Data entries
+ + + + +

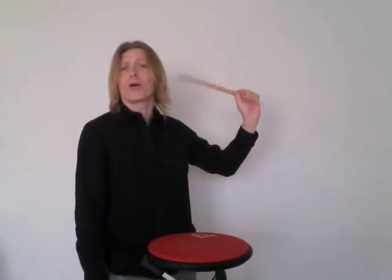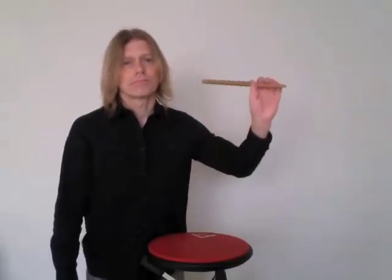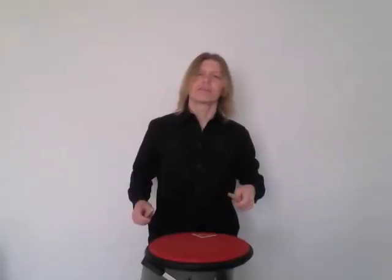This is the kind of thing you can do during a rehearsal when you're not playing, while you're watching television. There you go. Get that going.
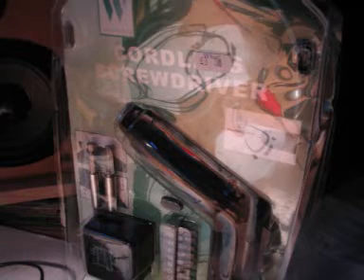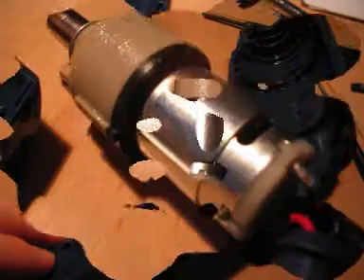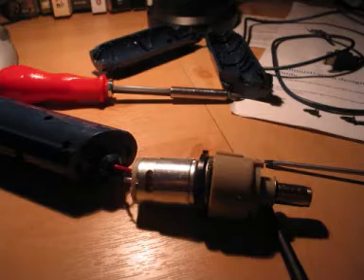I bought the screwdriver for three quid. It's just a simple rechargeable screwdriver. I got it for this — the motor. You can see there it's got a gearing attached to the front of it, but I've taken that off. I don't need that.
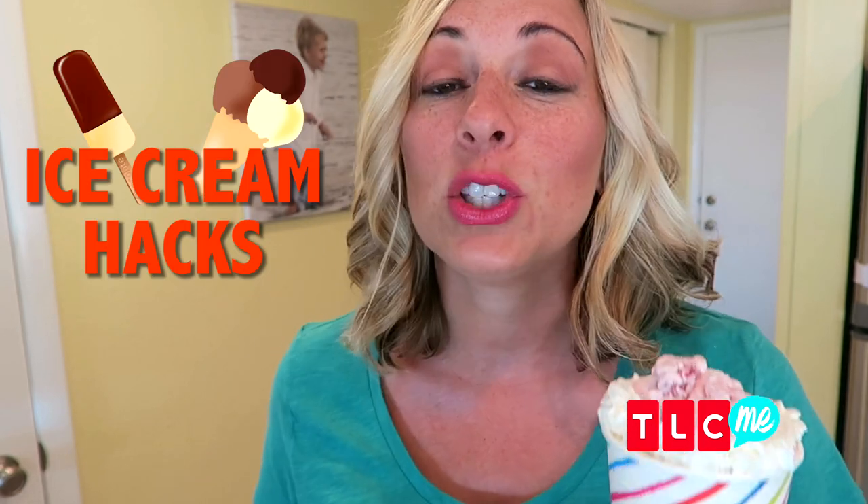If you're just eating your ice cream out of the container, you are missing out, my friend. And I'm not just talking chocolate sauce and sprinkles. I'm gonna show you the most delicious ice cream hacks to give your favorite sweet treat an upgrade. Now, I'm gonna take this outside because I am not kidding — my kids can smell ice cream from a mile away, and mama doesn't want to share this one.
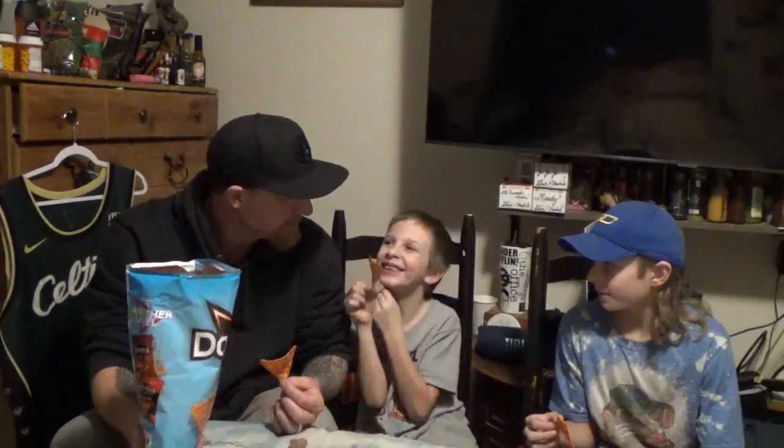This is Joe from Heatin' Up, this is Lil Spice, and this is the Heat Warrior. Alright guys, cheers!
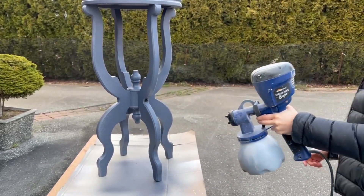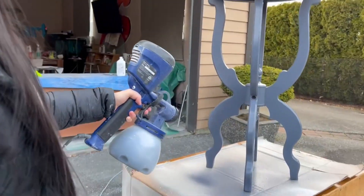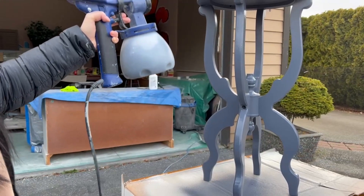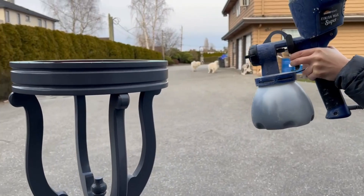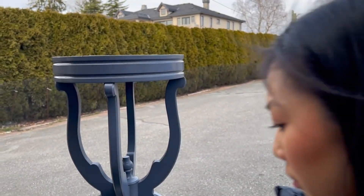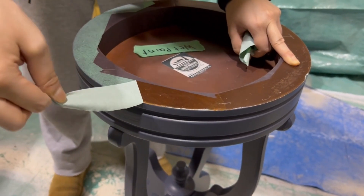After all the coats of paint were on, we moved on to polyurethane which we just strained directly into the gun with whatever was left in it to essentially create a tinted topcoat. Sometimes if you're going in with straight poly over a dark paint it could cloud your finish and make it look a little milky, so it's always a good idea to tint it. For us since we're spraying, it means we don't have to clean the gun which is a very good thing.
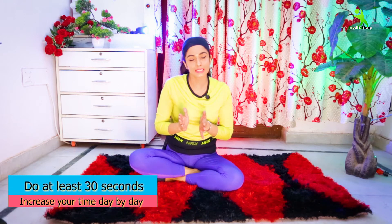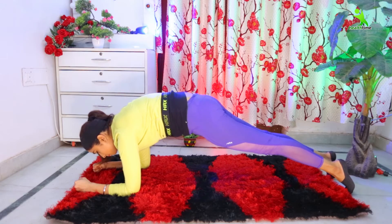It seems that many people do it for 3 minutes, but many people cannot hold it for 10 seconds. So the minimum time you have to hold is 30 seconds, and then increase it to 3 minutes day by day. You will see a lot of changes in your body if you plank on alternative days, not every day.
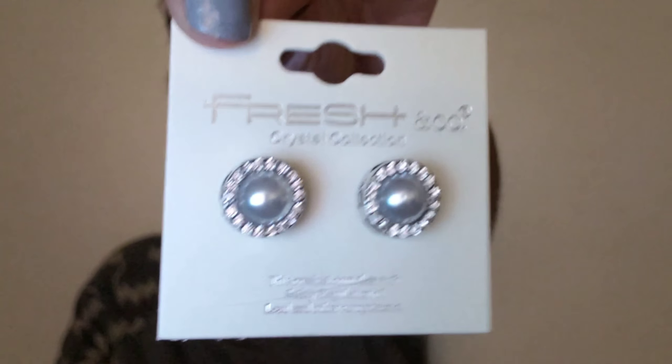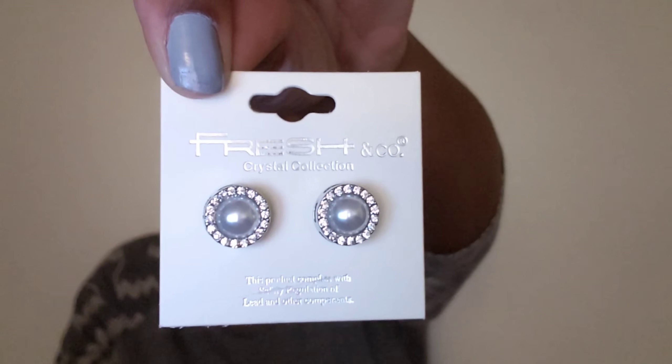The other pair of earrings, also $14.99, are like a pearl type. I just wouldn't say that I would ever pick these up — I don't like them, I'm not going to keep those either.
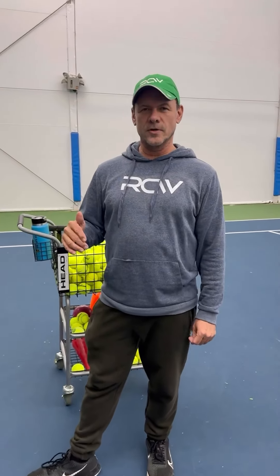Hi, I'm Jack and this is your tennis tip of the week. Here at RCW we focus a lot on weight transfer and hip rotation with our juniors and footwork. We actually have nine footwork moves that we work on with them, and as we're doing this we start to realize that it's not always natural for them and their bodies to understand hip rotation.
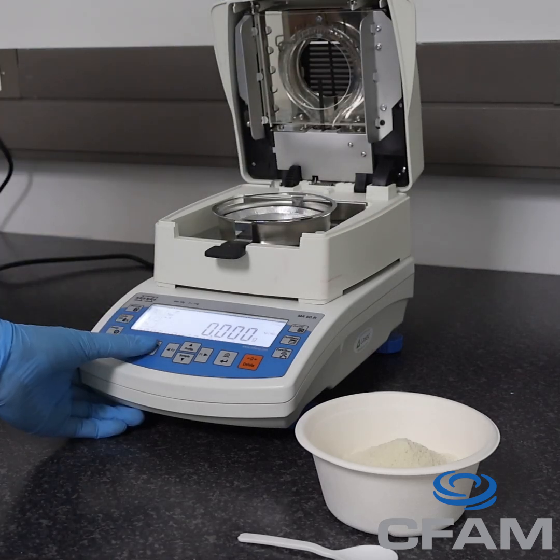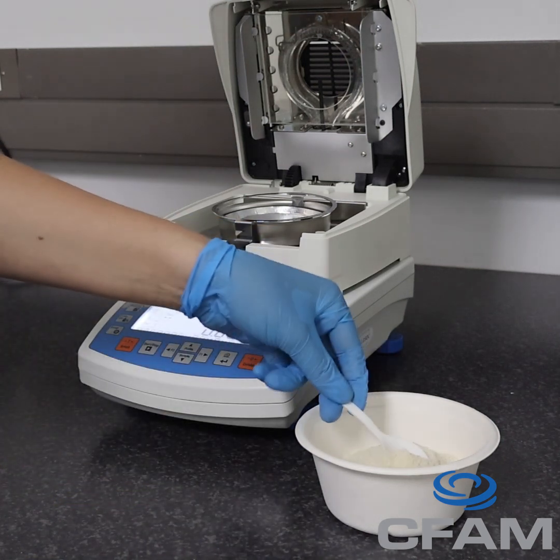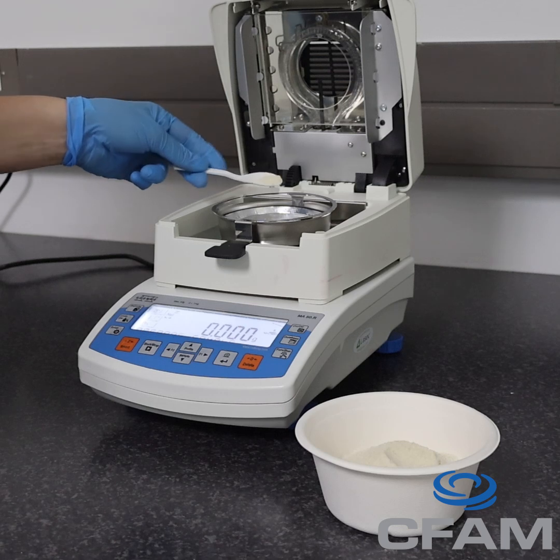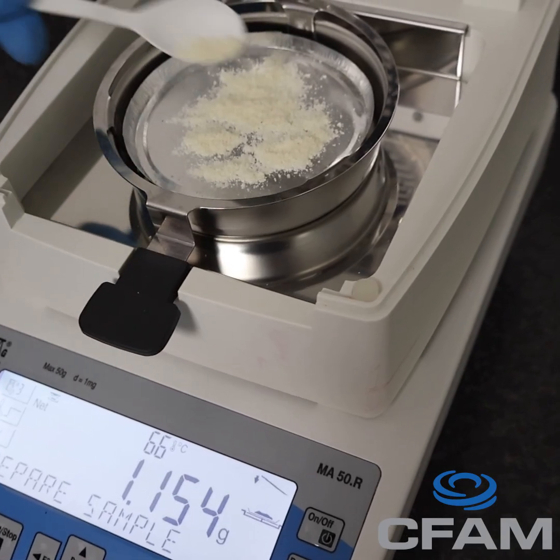The moisture analyzer is used to measure the percentage of water in a food sample. Moisture content plays a critical role in product development. It affects texture, shelf life, and how ingredients behave in the extruder.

+ + + + +

> **What needs to be done**:
When you transcribe the entries above, begin at their first line, end with the line containing "It seems that", and copy each line exactly without any picture.

> **Exercise answer**:
This is the kind of thing you can do during a rehearsal when you're not playing, while you're watching television. There you go. Get that going.
I bought the screwdriver for three quid. It's just a simple rechargeable screwdriver. I got it for this — the motor. You can see there it's got a gearing attached to the front of it, but I've taken that off. I don't need that.
If you're just eating your ice cream out of the container, you are missing out, my friend. And I'm not just talking chocolate sauce and sprinkles. I'm gonna show you the most delicious ice cream hacks to give your favorite sweet treat an upgrade. Now, I'm gonna take this outside because I am not kidding — my kids can smell ice cream from a mile away, and mama doesn't want to share this one.
This is Joe from Heatin' Up, this is Lil Spice, and this is the Heat Warrior. Alright guys, cheers!
After all the coats of paint were on, we moved on to polyurethane which we just strained directly into the gun with whatever was left in it to essentially create a tinted topcoat. Sometimes if you're going in with straight poly over a dark paint it could cloud your finish and make it look a little milky, so it's always a good idea to tint it. For us since we're spraying, it means we don't have to clean the gun which is a very good thing.
It seems that many people do it for 3 minutes, but many people cannot hold it for 10 seconds. So the minimum time you have to hold is 30 seconds, and then increase it to 3 minutes day by day. You will see a lot of changes in your body if you plank on alternative days, not every day.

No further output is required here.